Objection: This is what I would sometimes do. The problem here is that even if you are made of steel, at some point in time someone will say something that draws you into a conversation for some reason or another. Specifically to me, I get a lot of shit for short-stacking. I go busto many times over the course of the day but my detractors don't really understand that this is normal and doesn't particularly bother me. Naturally, the dumber the comment, the more likely I am to say something, if nothing more than to make them feel stupid. That might be okay if it just ended there but I have this personality defect that compels me to always seek the last word. I suspect than many of you have this same defect. If the conversation goes on long enough, pretty soon the cards will speak and one of you will do something to look stupid and will now feel the need to justify the play or call, furthering you down the spiral of tilt.

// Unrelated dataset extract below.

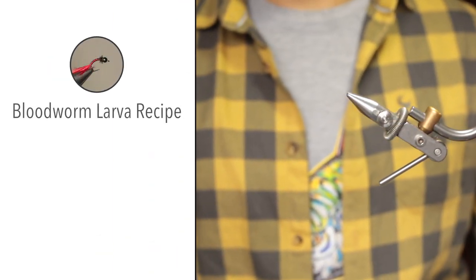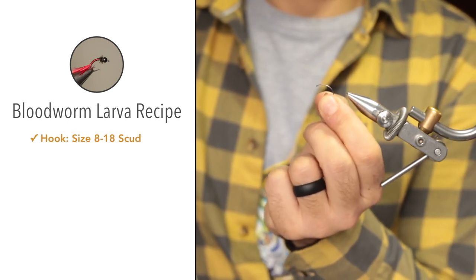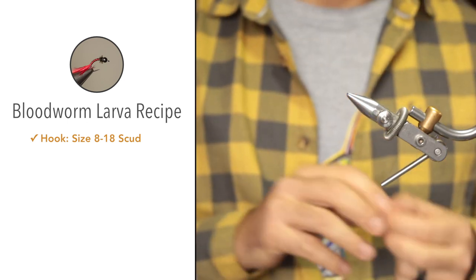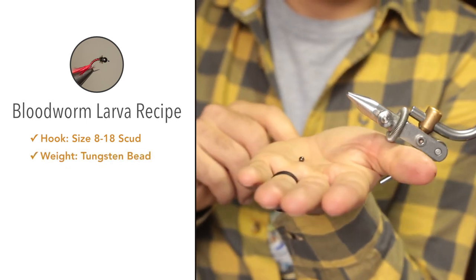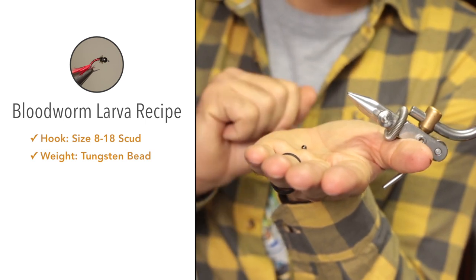For the materials we're going to use, any scud hook would be fine. This is a size 8 — curved shank is very important. For the weight, I'm going to be making use of a three and a half millimeter countersunk tungsten bead, black.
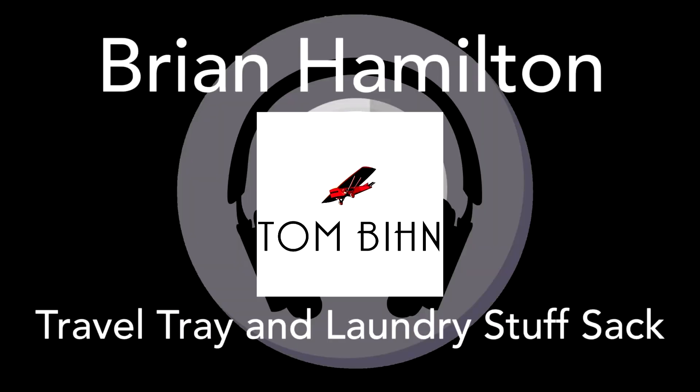Today I have a video all about two of my favorite products from Tom Bin: the travel tray and the laundry stuff sack. In general, I really like opinionated products — things that have a way they're meant to be used — and I think Tom Bin excels at this. There's a really great ethos behind everything that they design, and these two products have two of the most fascinating use cases I've seen for any product I've ever used.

Reason: I find it entertaining.

Objection: This goes straight back to the last point. Eventually it will bring out the brat in all of us and we will feel compelled to needle someone. Often times, someone else will jump to the defense of the needled one and now you are battling your ego against two or more foes, which further distracts you from what you are here to do: make money.

My friend Travis leaves it on for this very reason and I am urging him to turn it off because nothing good ever comes from it and just the fact that he won't do it, tilts me! Even though in the outside world, he is far more level-headed than myself, there comes a time every so often where he tells me what some idiot said to needle him and how it managed to bother him for ahwile, sometimes well into the next day. If this ever happens to you, you have been manipulated!!

Players will often try and tilt you by saying something completely assinine. The will claim up and down about how awful and lucky you are because you hit some 12 out draw where you had more than enough odds to play it out. Often times, these players are perfectly aware that you did nothing wrong, but if they can manage to make you believe that they believe this nonsense, it is liable to piss you off anyway, and if they do piss you off, they have won.

Reason: I want to chat with my friends.

Objection: These whiny, miserable little shits are NOT your friends. You are trying to take each other's money and they can turn on you faster than a $500 a night hooker as soon as you crack their aces with A5s.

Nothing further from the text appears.